Sole Malaysian Recipient of the Young Leader’s Award from Queen Elizabeth II for NGO Work
Heidy’s tireless and invaluable contributions to the refugee communities in Malaysia has been nothing short of inspiring. Her work in the NGO, Refuge for the Refugees (RFTR), which she co-founded with her best friend, Andrea Prisha, has earned her the Young Leader’s Award from Queen Elizabeth II herself. She started out wanting to raise awareness of refugees in Malaysia, and to give them a fighting chance at having an education. “Malaysia doesn’t follow United Nations’ (UN) conventions and protocols, so refugees here don’t have access to basic education, healthcare and job opportunities. They come here to seek temporary refuge and shelter, and while it’s in a way safer than their home countries, it’s not entirely safe for them either,” she said. “These refugees face a great deal of persecution here, and can’t even walk out of their homes without fear of getting caught and detained by the police. RFTR seeks to raise awareness on their plight, and to educate people to differentiate between asylum seekers and migrant workers.” Heidy and her team provide refugees with entrepreneurial and life skills, to empower them to run their own business programs so they can support themselves and their families. She recently initiated a baking program for refugee children and their mothers, who would bake, and she’d sell the cookies on their behalf. A month before Hari Raya, the business garnered about 1,000 orders. She believes in giving them the chance to make a livelihood for themselves.

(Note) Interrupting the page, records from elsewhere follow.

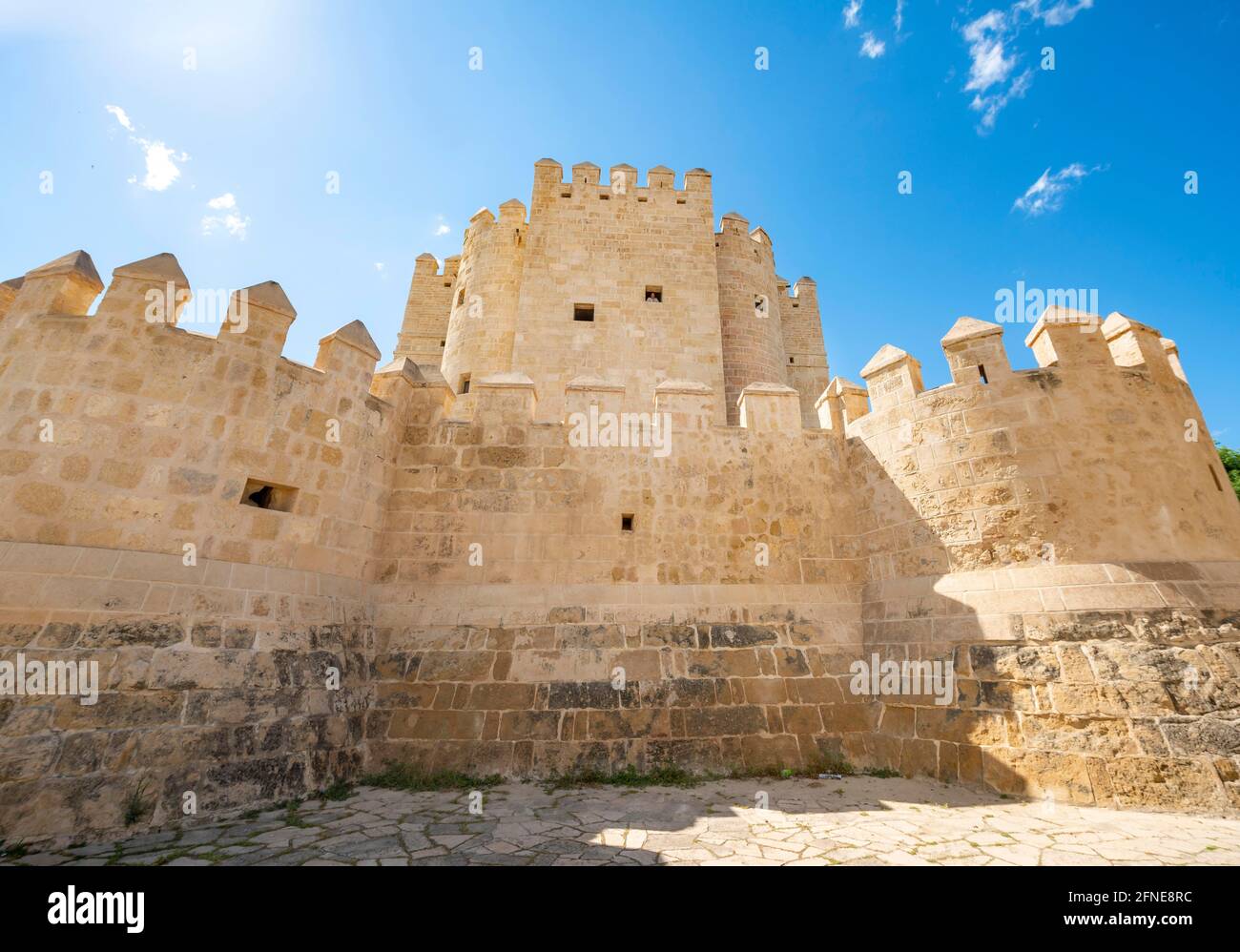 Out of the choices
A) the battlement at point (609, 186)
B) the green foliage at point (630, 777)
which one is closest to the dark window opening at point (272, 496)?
the green foliage at point (630, 777)

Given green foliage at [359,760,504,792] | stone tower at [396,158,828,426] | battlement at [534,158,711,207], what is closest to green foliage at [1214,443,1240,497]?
stone tower at [396,158,828,426]

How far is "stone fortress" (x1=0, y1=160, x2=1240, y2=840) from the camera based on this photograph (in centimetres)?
423

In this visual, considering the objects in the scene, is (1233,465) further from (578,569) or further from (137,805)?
(137,805)

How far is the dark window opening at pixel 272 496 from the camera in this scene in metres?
5.50

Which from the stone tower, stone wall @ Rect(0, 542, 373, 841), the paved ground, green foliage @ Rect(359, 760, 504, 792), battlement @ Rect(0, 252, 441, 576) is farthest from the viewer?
the stone tower

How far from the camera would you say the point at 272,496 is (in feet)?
18.5

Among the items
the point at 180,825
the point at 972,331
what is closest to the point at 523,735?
the point at 180,825

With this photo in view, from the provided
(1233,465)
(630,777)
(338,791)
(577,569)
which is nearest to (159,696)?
(338,791)

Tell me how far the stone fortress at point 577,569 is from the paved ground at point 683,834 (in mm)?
460

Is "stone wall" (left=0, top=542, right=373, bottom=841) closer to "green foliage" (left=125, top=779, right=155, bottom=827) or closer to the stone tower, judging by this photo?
"green foliage" (left=125, top=779, right=155, bottom=827)

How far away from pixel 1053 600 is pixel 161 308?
9.69m

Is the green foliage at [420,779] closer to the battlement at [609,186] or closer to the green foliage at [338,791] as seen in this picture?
the green foliage at [338,791]

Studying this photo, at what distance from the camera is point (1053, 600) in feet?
16.9

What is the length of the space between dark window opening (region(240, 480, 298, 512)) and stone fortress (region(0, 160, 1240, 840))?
0.16 feet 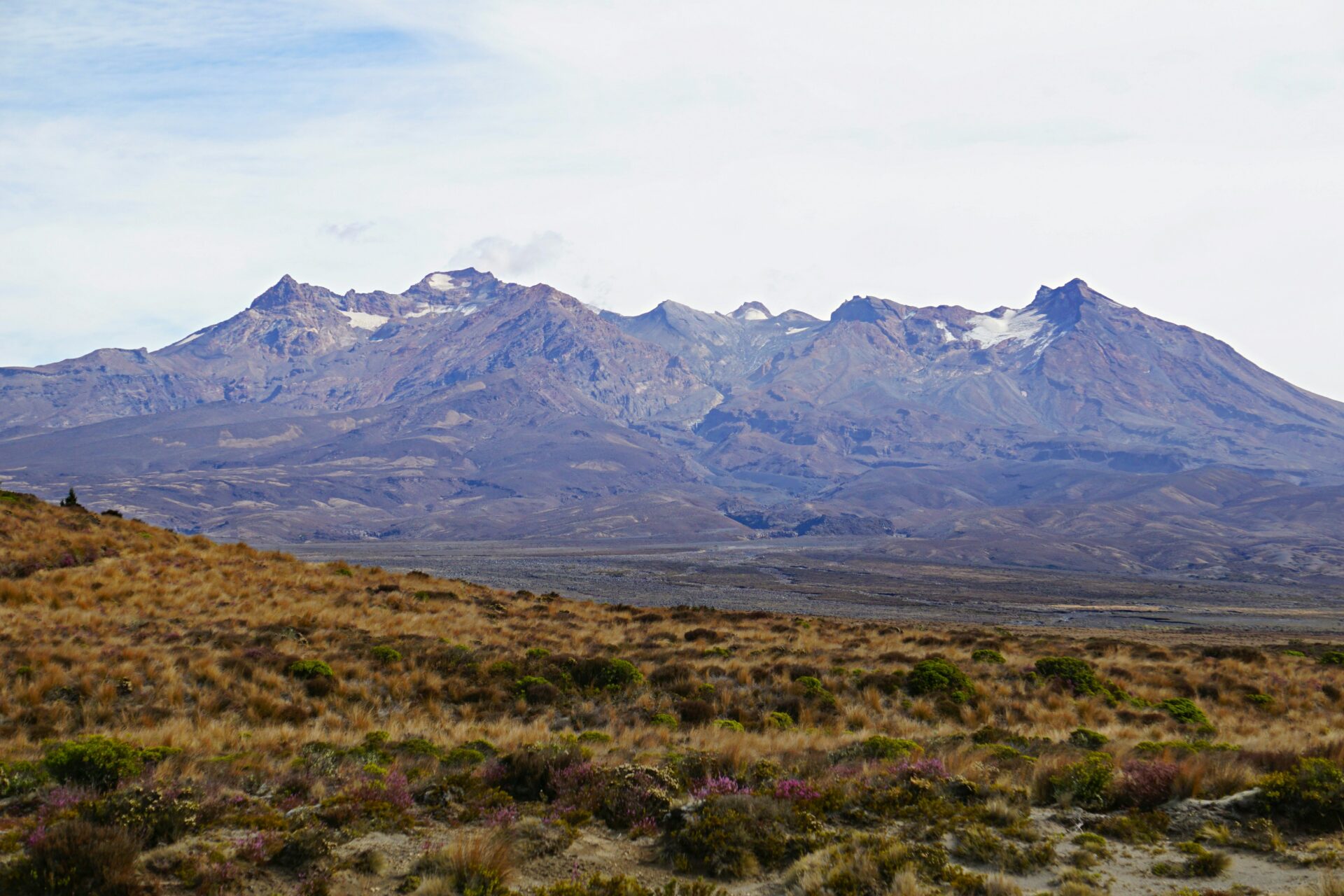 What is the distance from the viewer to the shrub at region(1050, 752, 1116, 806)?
1054cm

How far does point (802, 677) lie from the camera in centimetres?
1989

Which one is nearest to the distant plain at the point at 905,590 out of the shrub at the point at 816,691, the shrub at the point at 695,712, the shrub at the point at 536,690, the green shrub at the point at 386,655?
the shrub at the point at 816,691

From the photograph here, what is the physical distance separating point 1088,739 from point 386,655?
1399 cm

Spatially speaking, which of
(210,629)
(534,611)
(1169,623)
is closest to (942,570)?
(1169,623)

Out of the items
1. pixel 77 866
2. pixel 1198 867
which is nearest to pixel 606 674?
pixel 77 866

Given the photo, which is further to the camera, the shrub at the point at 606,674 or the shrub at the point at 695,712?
the shrub at the point at 606,674

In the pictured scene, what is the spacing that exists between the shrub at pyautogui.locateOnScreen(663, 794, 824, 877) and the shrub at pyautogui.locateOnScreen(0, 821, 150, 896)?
490cm

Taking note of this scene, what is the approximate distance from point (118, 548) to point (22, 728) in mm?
18442

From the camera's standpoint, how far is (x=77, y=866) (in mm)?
7297

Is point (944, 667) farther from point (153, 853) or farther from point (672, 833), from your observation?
point (153, 853)

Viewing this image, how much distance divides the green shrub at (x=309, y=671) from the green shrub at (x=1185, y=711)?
57.4 ft

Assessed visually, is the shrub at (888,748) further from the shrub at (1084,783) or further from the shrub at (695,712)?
the shrub at (695,712)

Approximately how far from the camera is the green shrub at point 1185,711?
18250mm

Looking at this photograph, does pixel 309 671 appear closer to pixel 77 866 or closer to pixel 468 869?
pixel 77 866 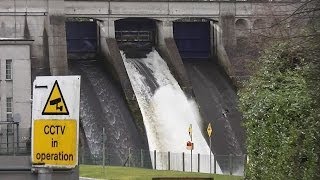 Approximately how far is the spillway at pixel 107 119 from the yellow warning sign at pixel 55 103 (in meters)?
31.6

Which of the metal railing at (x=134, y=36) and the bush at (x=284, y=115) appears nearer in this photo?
the bush at (x=284, y=115)

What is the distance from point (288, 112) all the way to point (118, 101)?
2921 cm

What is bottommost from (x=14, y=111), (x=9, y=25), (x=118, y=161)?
(x=118, y=161)

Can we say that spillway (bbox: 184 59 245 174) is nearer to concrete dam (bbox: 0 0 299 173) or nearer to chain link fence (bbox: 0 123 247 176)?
concrete dam (bbox: 0 0 299 173)

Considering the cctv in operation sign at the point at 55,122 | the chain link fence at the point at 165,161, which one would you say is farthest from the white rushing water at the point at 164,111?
the cctv in operation sign at the point at 55,122

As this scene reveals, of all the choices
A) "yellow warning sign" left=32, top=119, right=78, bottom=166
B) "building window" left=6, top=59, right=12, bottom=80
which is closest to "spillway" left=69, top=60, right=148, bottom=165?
"building window" left=6, top=59, right=12, bottom=80

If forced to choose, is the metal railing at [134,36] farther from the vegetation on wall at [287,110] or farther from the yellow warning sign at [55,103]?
the yellow warning sign at [55,103]

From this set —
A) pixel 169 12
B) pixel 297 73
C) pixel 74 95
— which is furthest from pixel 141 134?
pixel 74 95

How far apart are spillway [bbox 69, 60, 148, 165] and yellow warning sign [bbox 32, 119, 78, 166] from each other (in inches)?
1250

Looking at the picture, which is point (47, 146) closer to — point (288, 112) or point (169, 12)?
point (288, 112)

The idea for RFTR came about when Heidy, at 17 years of age, taught English at a school in the heart Kuala Lumpur and Sungai Besi. “I wanted to do something meaningful with my time before I started college. I went in thinking I was going to make a difference, but little did I know that it would go the other way around. I received so much more in return – the refugees taught me to fully understand the true meaning of privilege. It’s not about the number of times you travel in a year, the size of your bank account, or the frequency in which you upgrade your gadgets. In the refugee community, privilege is being able to wake up with a safe roof over your head, have three square meals a day, and the peace of mind knowing that you can leave your home without feeling threatened. Four months in, the headmaster told me that the kids would lose their education as they had lost their funding, and wouldn’t be able to afford rental. He said it matter-of-factly, and told me to chase my own opportunities. I felt terrible – these kids were being robbed of their education. I didn’t have to fight for mine, so I wanted to help them in whatever way I could.” Heidy began raising funds for RFTR. Most locals were, and still are not aware of refugees in Malaysia, but they do live amongst us. She and her friend even faced persecution for trying to help the refugees and they were brushed off as idealistic kids who hadn’t a clue of what they were doing. Some people even had the gall to approach their fund-raising booth and tell them to “get a life”, that refugees were here to disrupt the economy, and that they should be helping poor Malaysians instead. “The more we did our research, the more we understood the severity of the problem,” she said.
Now well into its sixth year, RFTR has established 35 schools in Malaysia and Myanmar, and two youth centres and halfway homes. Besides raising awareness, RFTR runs schools 9am to 3pm on weekdays, while Saturdays are reserved for leadership programs to teach entrepreneurship skills. “We’ve also started conducting music classes and life skill workshops like baking, sewing and creating art. I believe that there is power in telling a story through art. We bring these kids to restaurants and cafes to perform – they’re so talented. A few months ago, a representative of ICOM (Malaysia’s leading international music college) even presented our kids with full scholarships.”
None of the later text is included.